> Work request
Give the data again exactly as written, skipping any pictures.

◆ ◆ ◆ ◆ ◆

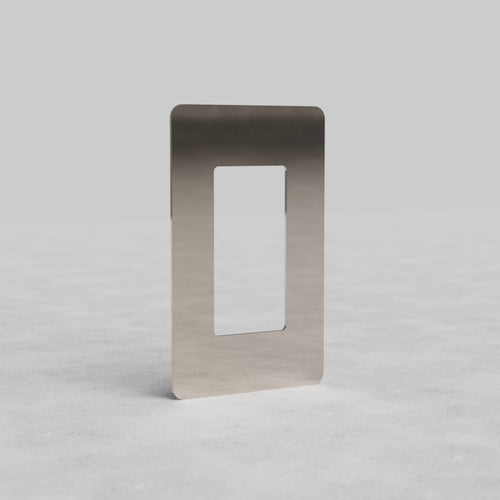 1-gang outlet plate Kew US in polished nickel, with large rectangular cutout, on light surface.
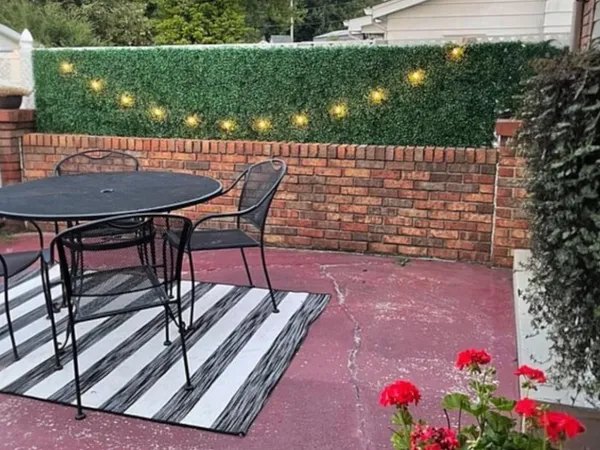 a view of a chairs and table in backyard
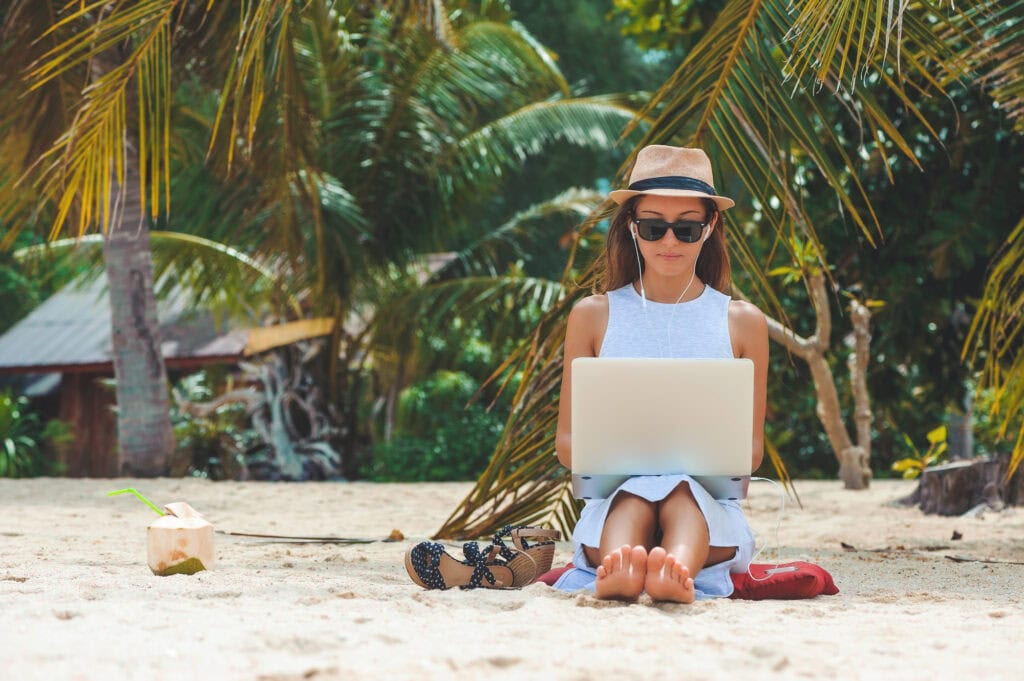 woman on beach on laptop. Instant sign up bonus no deposit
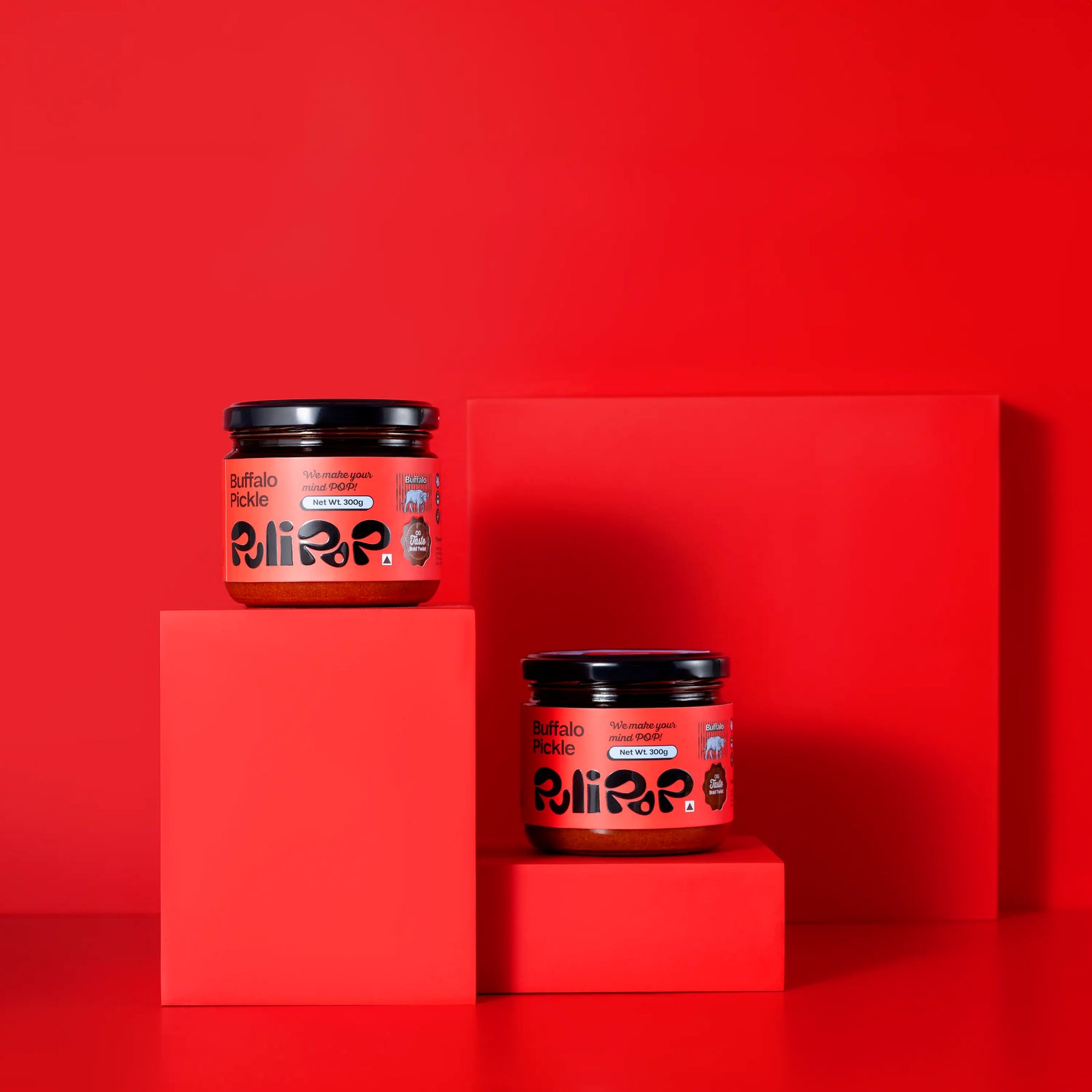 Two jars of Buffalo Beef Pickle by PuliPOP on red pedestals
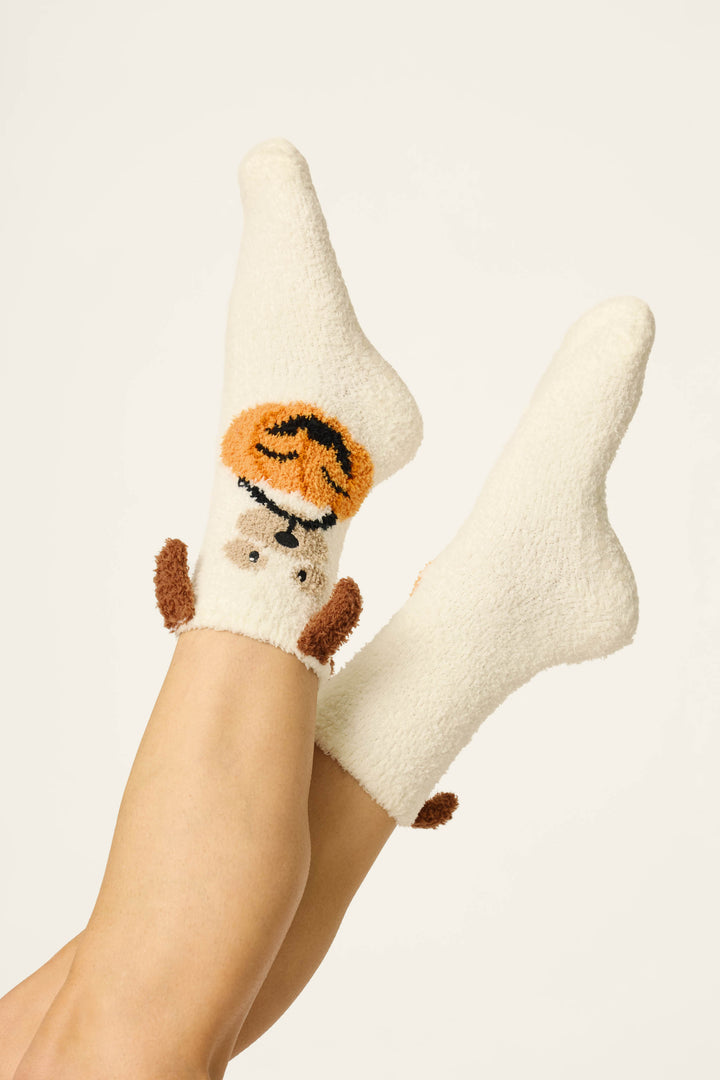Two crossed legs wearing fuzzy white "Boyfriend Boxer Trick-or-Treating Dog Socks" by P.J. Salvage, each featuring an adorable dog face with orange pumpkin accents on the front and small brown ear and tail details. The background is plain and light-colored.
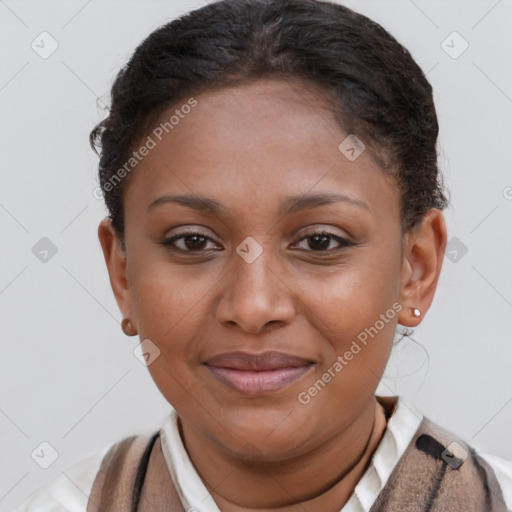 Joyful black young-adult female with short  brown hair and brown eyes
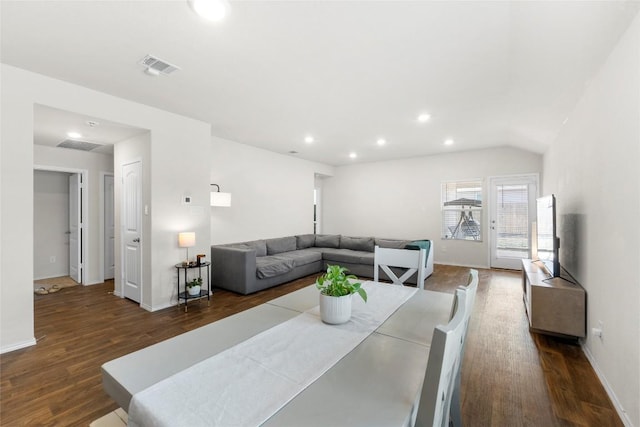 dining area featuring dark wood-style floors, visible vents, recessed lighting, and baseboards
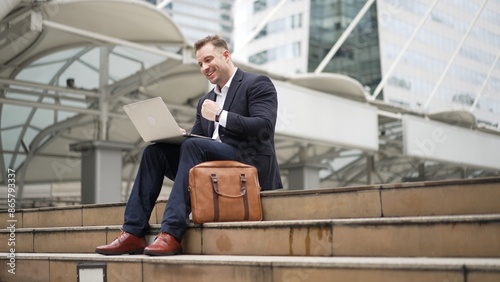 Close up of business man talking phone and celebrate successful project while sitting at stairs surrounded by urban city view. Smart caucasian manager happy while hear about increasing sales. Urbane.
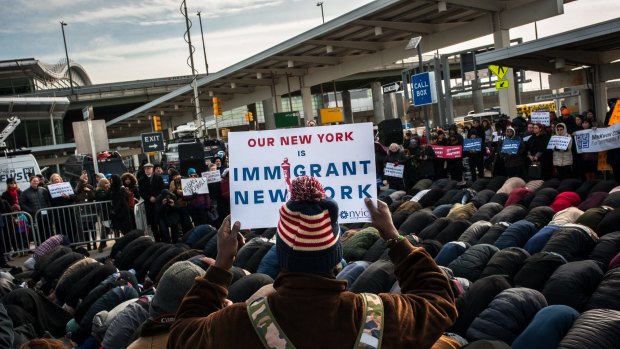 A group of Muslim men pray while supporters hold up signs during an interfaith prayer and rally against the ban at John F. Kennedy Airport.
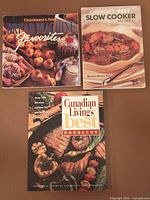 Front covers of three softcover cookbooks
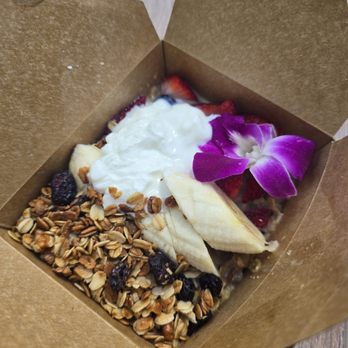 Vanilla Cafe - Crunchy oatmeal - A serving of oatmeal topped with sliced banana, strawberries, a dollop of yogurt, granola, and a purple edible flower is presented in a brown paper container. The dish includes natural ingredients and garnishes, arranged with a variety of textures and colors. - Cafes Near Me - Miami, Florida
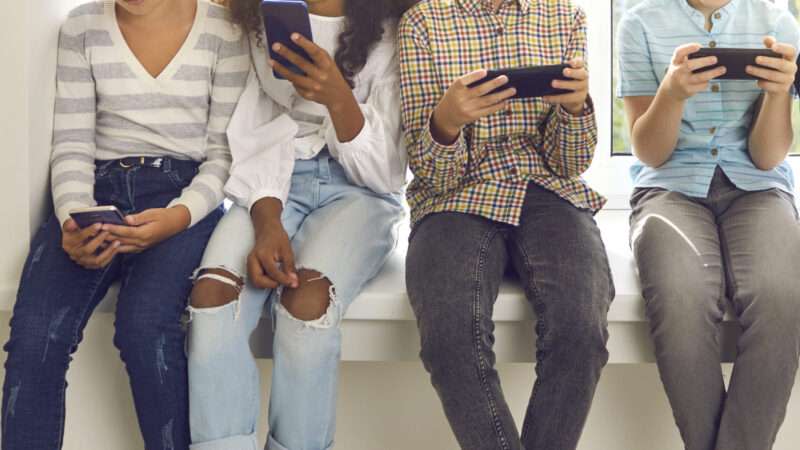 Group of teenagers on their smart phones.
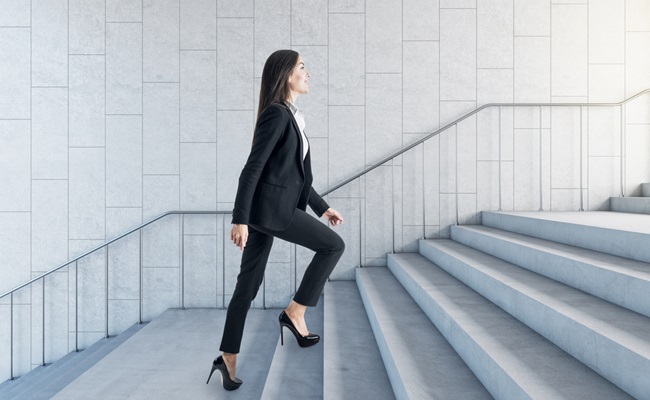 Road,To,Success,Concept,With,Businesswoman,Climbing,The,Stairs,In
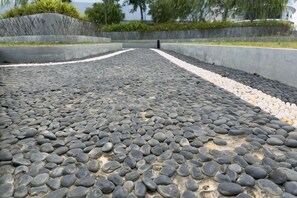 A pathway with a pebble surface leading to a curved wall. - 2R2B Sweet Home Cyberjaya Suites (Cyberjaya)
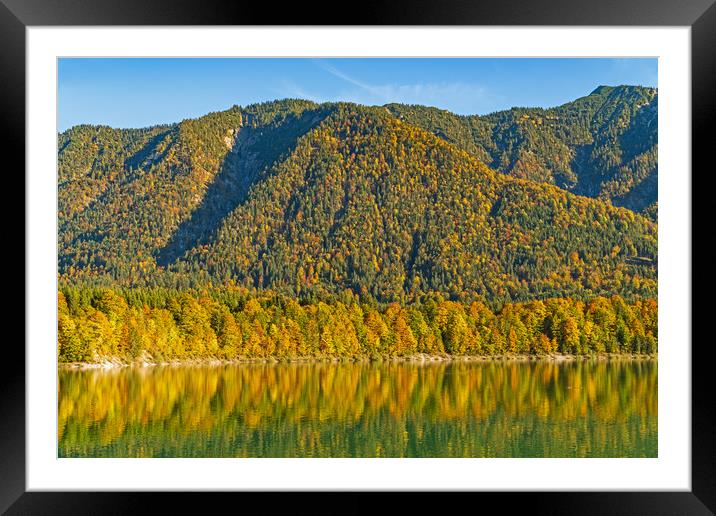 Autumn colored trees reflecting in a lake  Framed Mounted Print by Christian Pauschert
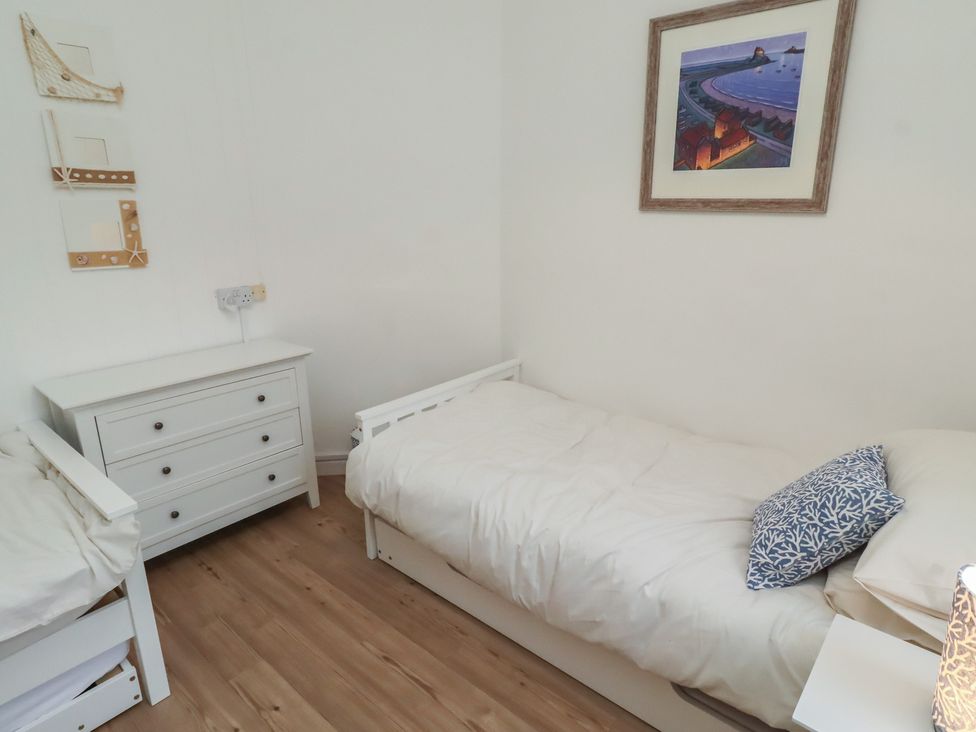 A bedroom with two beds and a drawer unit at Braeburn in Bamburgh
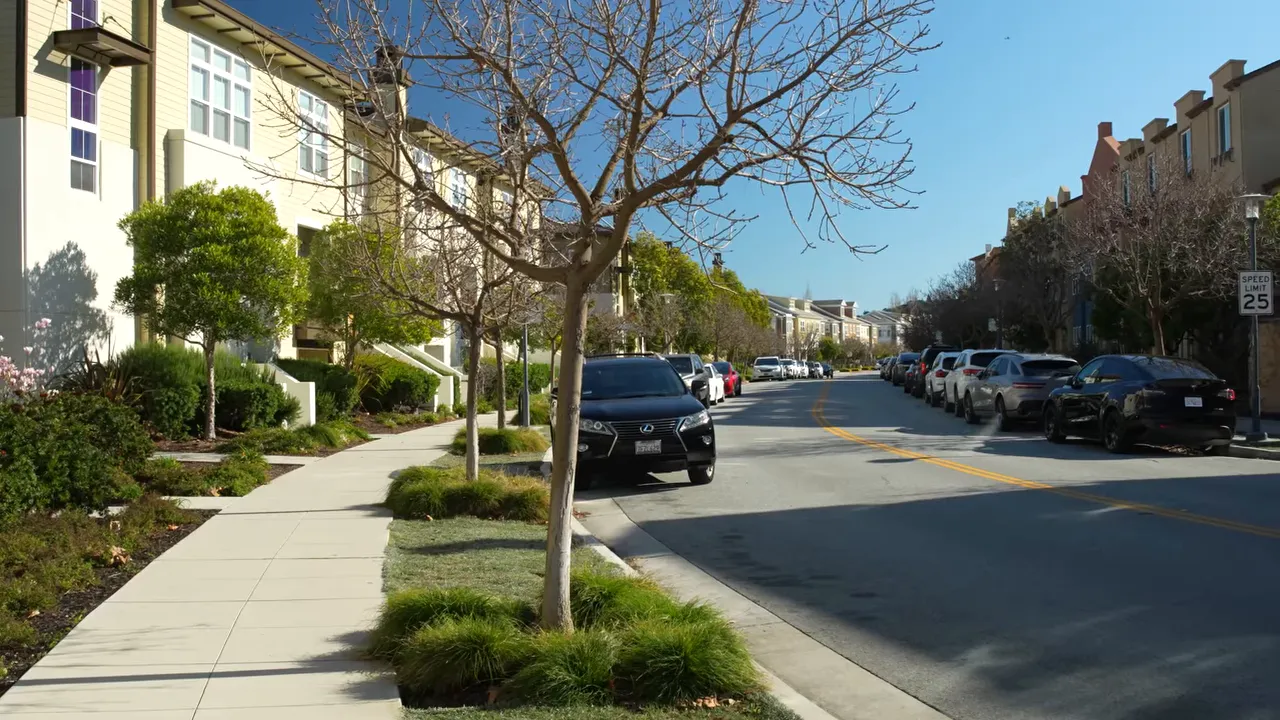Residential boulevard with sidewalks, trees, and parked cars in San Mateo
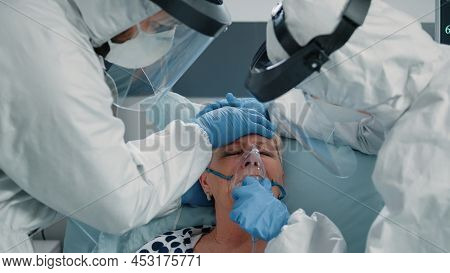 Hyperventilating Patient Asking For Medical Assistance From Paramedics In Hazmat Suits. Doctor And N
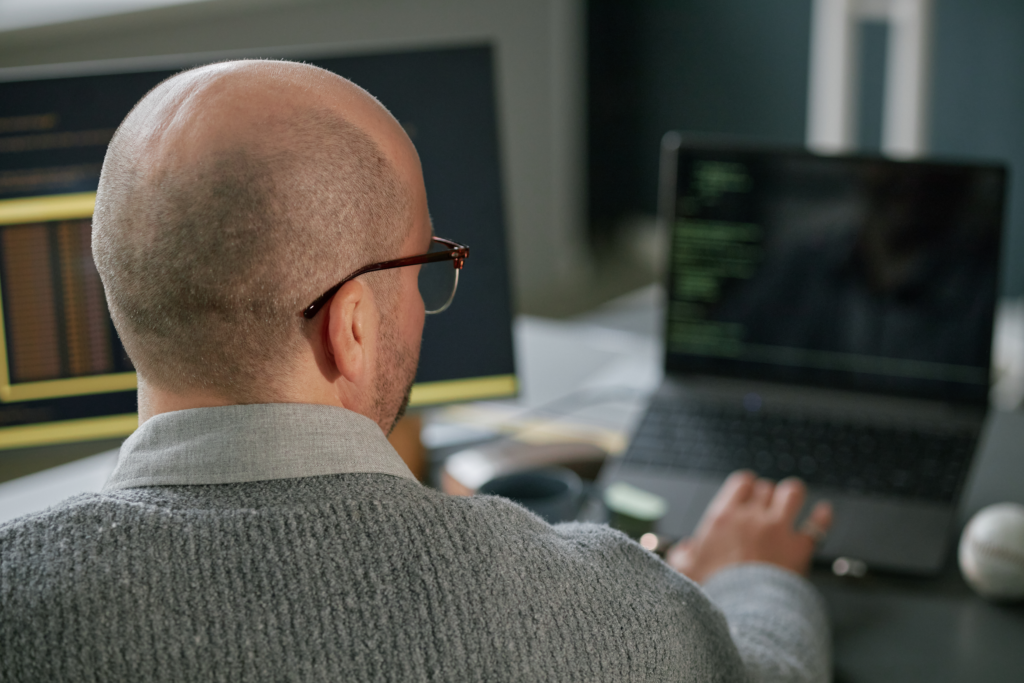 Middle aged man researching on his computer searching "does your company need SEO" for his business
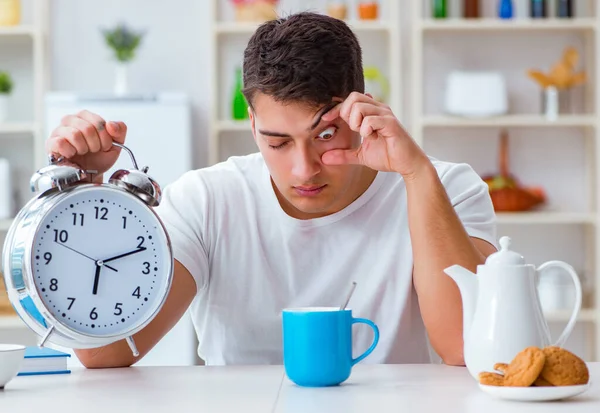 Чоловік з будильником заснув під час сніданку — стокове фото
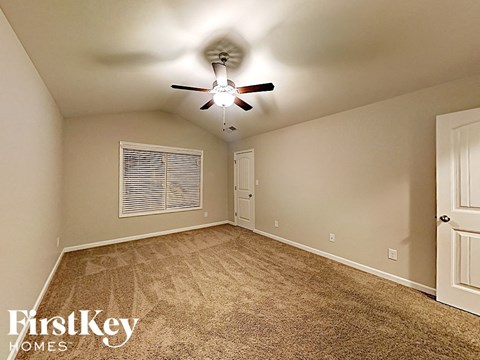 an empty bedroom with a ceiling fan and a window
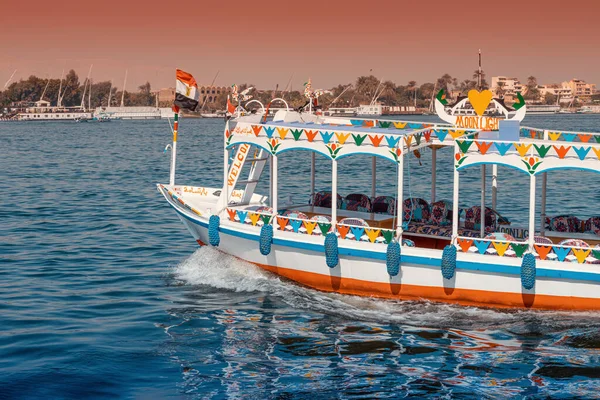 11 January 2022, Luxor, Egypt: Traditional Egyptian ferry motorboats carry passengers from one bank of the Nile to the other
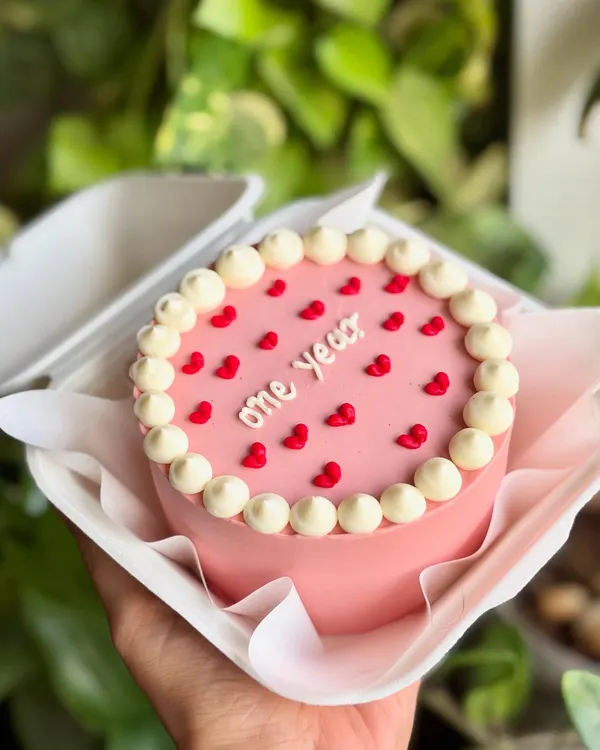 A tiny cake for a big milestone. This pink bento cake celebrates "one year" with a classic pearl border and tiny red hearts, packed and ready to gift.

◆ ◆ ◆ ◆ ◆

> Reply to the exercise
 1-gang outlet plate Kew US in polished nickel, with large rectangular cutout, on light surface.
 a view of a chairs and table in backyard
 woman on beach on laptop. Instant sign up bonus no deposit
 Two jars of Buffalo Beef Pickle by PuliPOP on red pedestals
Two crossed legs wearing fuzzy white "Boyfriend Boxer Trick-or-Treating Dog Socks" by P.J. Salvage, each featuring an adorable dog face with orange pumpkin accents on the front and small brown ear and tail details. The background is plain and light-colored.
 Joyful black young-adult female with short  brown hair and brown eyes
 dining area featuring dark wood-style floors, visible vents, recessed lighting, and baseboards
 Close up of business man talking phone and celebrate successful project while sitting at stairs surrounded by urban city view. Smart caucasian manager happy while hear about increasing sales. Urbane.
 A group of Muslim men pray while supporters hold up signs during an interfaith prayer and rally against the ban at John F. Kennedy Airport.
 Front covers of three softcover cookbooks
 Vanilla Cafe - Crunchy oatmeal - A serving of oatmeal topped with sliced banana, strawberries, a dollop of yogurt, granola, and a purple edible flower is presented in a brown paper container. The dish includes natural ingredients and garnishes, arranged with a variety of textures and colors. - Cafes Near Me - Miami, Florida
 Group of teenagers on their smart phones.
 Road,To,Success,Concept,With,Businesswoman,Climbing,The,Stairs,In
 A pathway with a pebble surface leading to a curved wall. - 2R2B Sweet Home Cyberjaya Suites (Cyberjaya)
 Autumn colored trees reflecting in a lake  Framed Mounted Print by Christian Pauschert
 A bedroom with two beds and a drawer unit at Braeburn in Bamburgh
Residential boulevard with sidewalks, trees, and parked cars in San Mateo
 Hyperventilating Patient Asking For Medical Assistance From Paramedics In Hazmat Suits. Doctor And N
 Middle aged man researching on his computer searching "does your company need SEO" for his business
 Чоловік з будильником заснув під час сніданку — стокове фото
 an empty bedroom with a ceiling fan and a window
 11 January 2022, Luxor, Egypt: Traditional Egyptian ferry motorboats carry passengers from one bank of the Nile to the other
 A tiny cake for a big milestone. This pink bento cake celebrates "one year" with a classic pearl border and tiny red hearts, packed and ready to gift.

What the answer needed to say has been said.